Setelah mempelajari dari berbagai keluarga, masih saja aku belum mendapatkan gambaran yang jelas bagaimana aku akan jalanin homeschool nantinya. Abstrak sekali di pikiranku. Kami berdoa dan menimbang-nimbang (khususnya aku, karena suami udah mantep banget pengen homeschool), dan lalu berdasarkan hasil pertimbangan dan karena liat suami udah mantep banget, wokeeee we'll do it beibeh!

Waktu Lio umur 4 tahun, aku sebenernya agak-agak deg-degan melewatkan kesempatan untuk daftarin dia ke TK. Ah, sekali lagi mantapkan hati, bulatkan tekad, singkirkan ketakutan, hadapi kenyataan,  dan kujalani hidup yang kupilih (kok jadi kaya lagu yak).

So, kita mulai beneran serius pake bahan homeschool di saat  Lio umur 4 tahun. Sambil nyambi urus Zo yang waktu itu umur 1 tahun dan masih nyusu... ooh repot, iya bener repot. Zo berada di ruang yang sama dengan kami sambil main sendiri atau duduk di pangkuanku. Kalo aku urus Zo bentaaar aja, Lio langsung ilang konsen dan bukan cuma konsennya doang yang ilang, tapi Lio nya juga ngilang karena dia masuk kolong, ngumpet sambil ketawa-tawa. Haiyaaaa....  ulang lagi dong dari awal, warming up lagi biar dia konsen lagi. Di satu tahun pertama perjuangan banget buat kita, berjuang keras untuk adaptasi. Lio pertama kalinya mesti duduk belajar dengan serius setelah tiga tahun hidupnya happy-happy setiap hari.

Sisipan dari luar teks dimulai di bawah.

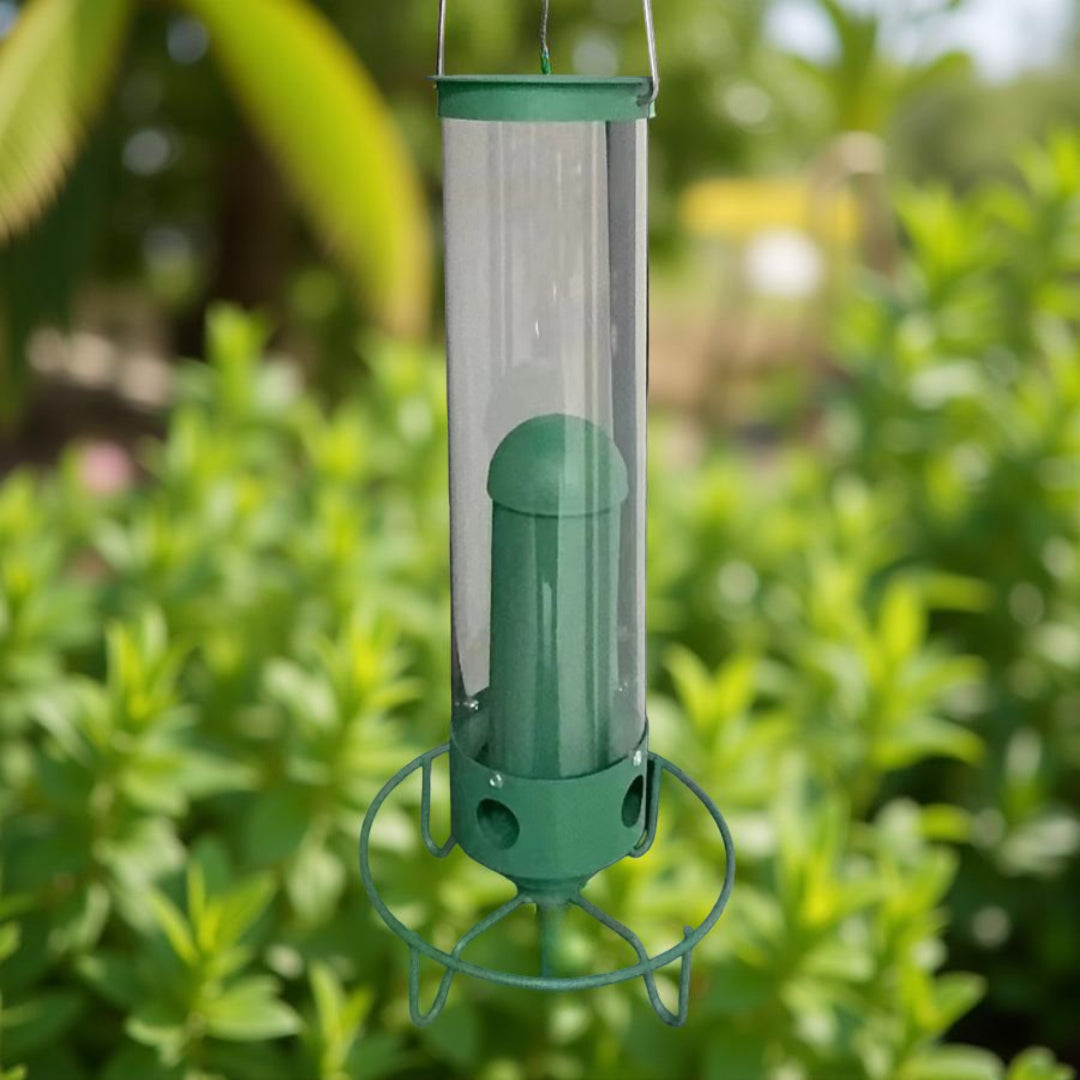 Eichhörnchensichere Röhren-Vogelfutterstation aus Metall zum Aufhängen für Garten und Außenbereich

Di awal kami mulai, Lio cuma belajar dua subject, yaitu phonics dan math. Nah karena guru cabutannya ini ga pernah tau apa itu phonics, otomatis si guru cabutan ini kudu belajar dulu tentang phonics di saat dua muridnya udah bobo. Kadang ada masanya aku bingung di tengah-tengah aku lagi ngajar... aku diem dan baca ulang dan ulang lagi. Lio biasanya bilang "Mama bingung yaaaa?" trus dia pelan-pelan melipir turun dari kursi dan cari mainannya. Ntar waktu aku sudah ngerti, baru aku panggil lagi, "Liooo ayo kita lanjut."
"Mama sudah ngerti? Sungguh?"
Dan muridpun mengerti bahwa gurunya tidak sungguh-sungguh mengerti ahahaha....

Kadang-kadang waktu aku serius bacain sesuatu untuk Lio, dia dengerin dengan serius tapi lama-lama matanya tertutup secara bertahap. Yaaaah.... pules deh dia. Ya udahlah biarin dia bobo 30 menit, trus dibangunin dan suru cuci muka laluuuu kita mulai lagiiii. Nah karena itu aku belajar untuk menentukan jadwal yang konsisten setiap hari untuk memulai kegiatan belajar, biarpun buat aku untuk jadi konsisten itu susah sekali. Kadang pas lagi mau mulai ngajar, tukang sayur lewat dan aku keinget sisa bawang merah tinggal dikit doang. Lari dulu deh bentar kejar tukang sayur, ajak Lio dan Zo keluar sambil ajarin mereka hitung berapa jumlah bawangnya dan berapa kembaliannya. Ah ga mau rugi, tiap moment dipake untuk belajar.

Sampai hari ini Lio sudah 11 tahun dan Zo 8 tahun, kami masih menjalani homeschool dengan berbagai variasi rasa. Dengan gembira? Iya. Dengan berurai air mata? Iya juga... Dengan marah2? Kadang... Dengan berdarah-darah? Ga lah... lebay itu.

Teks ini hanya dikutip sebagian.